The creatures listed below never existed, because if they did, they couldn't have lasted beyond one generation. It leads one to wonder how anyone actually thought they could have existed in the first place.

A lion's head on an ant's body. The ant's digestive organs can't process the raw meat that its lion head desires, and so the beast starves. How this thing survived long enough to procreate is beyond us, but it's little wonder you don't see them around anymore.

In the Tartar language, its name means "the vegetable lamb." This creature was native to the shores of the Caspian sea. It's a lamb that grows from a vegetable stalk and is forever connected to it, much like an umbilical cord. The creature is immobile, rooted to the ground like the plant that it is. When it eats all the grass within its radius, it starves.

An Ethiopian buffalo creature covered in scales. While that's pretty cool - and terrifying - in and of itself, the reason it makes this list is because it has an unhealthy inclination to eat its own legs. Now, at the risk of sounding insensitive, it's a fact of life that food shortages occur in Ethiopia - you'd know this even if your only source for topical news was reruns of South Park. But still - its own legs?! - how hungry do you have to get?
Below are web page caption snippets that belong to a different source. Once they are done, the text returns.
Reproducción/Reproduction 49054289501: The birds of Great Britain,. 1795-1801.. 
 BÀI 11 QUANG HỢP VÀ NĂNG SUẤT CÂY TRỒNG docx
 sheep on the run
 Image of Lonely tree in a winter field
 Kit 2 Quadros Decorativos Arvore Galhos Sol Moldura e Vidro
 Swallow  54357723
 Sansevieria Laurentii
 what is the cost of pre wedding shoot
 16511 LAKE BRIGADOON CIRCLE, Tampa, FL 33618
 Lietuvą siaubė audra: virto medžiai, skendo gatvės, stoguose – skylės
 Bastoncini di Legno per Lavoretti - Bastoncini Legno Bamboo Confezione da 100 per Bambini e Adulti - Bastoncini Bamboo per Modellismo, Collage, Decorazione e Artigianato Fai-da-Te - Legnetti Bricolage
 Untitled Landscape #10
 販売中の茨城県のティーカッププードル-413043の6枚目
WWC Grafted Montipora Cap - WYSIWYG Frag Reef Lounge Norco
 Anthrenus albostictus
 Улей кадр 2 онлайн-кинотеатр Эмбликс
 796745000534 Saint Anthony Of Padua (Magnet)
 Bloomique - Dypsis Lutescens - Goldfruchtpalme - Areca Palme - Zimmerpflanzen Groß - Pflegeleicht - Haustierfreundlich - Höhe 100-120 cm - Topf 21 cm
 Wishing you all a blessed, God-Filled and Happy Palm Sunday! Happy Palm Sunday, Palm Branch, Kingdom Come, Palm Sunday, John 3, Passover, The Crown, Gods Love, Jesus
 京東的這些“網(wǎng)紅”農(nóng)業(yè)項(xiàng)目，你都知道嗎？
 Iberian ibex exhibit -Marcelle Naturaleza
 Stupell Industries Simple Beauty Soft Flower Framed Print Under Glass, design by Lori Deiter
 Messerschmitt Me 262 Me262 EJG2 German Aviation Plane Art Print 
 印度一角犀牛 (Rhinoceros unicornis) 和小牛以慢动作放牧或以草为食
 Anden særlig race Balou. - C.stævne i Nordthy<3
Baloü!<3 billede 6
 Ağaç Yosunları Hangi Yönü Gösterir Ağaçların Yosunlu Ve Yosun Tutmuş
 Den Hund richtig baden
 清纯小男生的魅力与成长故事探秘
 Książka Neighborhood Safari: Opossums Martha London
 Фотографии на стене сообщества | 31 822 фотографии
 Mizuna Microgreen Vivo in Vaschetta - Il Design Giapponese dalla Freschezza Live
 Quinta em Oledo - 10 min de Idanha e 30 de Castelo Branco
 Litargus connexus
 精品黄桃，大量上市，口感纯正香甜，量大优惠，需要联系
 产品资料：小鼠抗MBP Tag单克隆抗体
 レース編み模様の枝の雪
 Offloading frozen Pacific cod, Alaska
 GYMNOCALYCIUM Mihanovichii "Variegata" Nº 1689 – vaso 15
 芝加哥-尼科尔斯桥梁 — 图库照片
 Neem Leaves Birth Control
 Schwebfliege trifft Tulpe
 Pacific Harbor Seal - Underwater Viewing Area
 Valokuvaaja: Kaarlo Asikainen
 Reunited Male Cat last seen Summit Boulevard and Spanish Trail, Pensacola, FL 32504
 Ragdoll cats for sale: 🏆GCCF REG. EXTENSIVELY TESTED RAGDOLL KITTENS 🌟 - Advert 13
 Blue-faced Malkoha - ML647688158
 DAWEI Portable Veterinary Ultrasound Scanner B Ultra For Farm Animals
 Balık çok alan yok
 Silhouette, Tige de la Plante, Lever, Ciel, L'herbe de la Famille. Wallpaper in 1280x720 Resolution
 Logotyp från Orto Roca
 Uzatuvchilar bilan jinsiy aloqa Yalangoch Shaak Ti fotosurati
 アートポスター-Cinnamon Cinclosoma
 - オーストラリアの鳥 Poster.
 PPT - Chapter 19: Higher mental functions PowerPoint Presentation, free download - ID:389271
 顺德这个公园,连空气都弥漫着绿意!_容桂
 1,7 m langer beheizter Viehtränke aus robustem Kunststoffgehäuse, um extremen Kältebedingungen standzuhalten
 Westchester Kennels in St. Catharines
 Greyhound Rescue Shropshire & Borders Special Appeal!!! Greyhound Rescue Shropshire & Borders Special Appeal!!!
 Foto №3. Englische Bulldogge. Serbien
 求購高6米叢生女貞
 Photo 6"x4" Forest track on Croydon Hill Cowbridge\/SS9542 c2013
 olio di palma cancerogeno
This scourge of Gibraltar and the Mediterranean is a carnivorous winged deer. When it flies overland, it casts a human shadow. We're fairly certain that Disney's Bambi would have turned out quite differently if Bambi's mother were one of these.

This horror from the Middle East is a ferocious yellow rabbit with a black horn atop its head. The horn is impossibly long, easily extending as far out as the creature is big. It's a wonder the thing can even stand, much less move. As if the horn weren't enough, it's also got big, pointy teeth. Please refrain from making Monty Python jokes.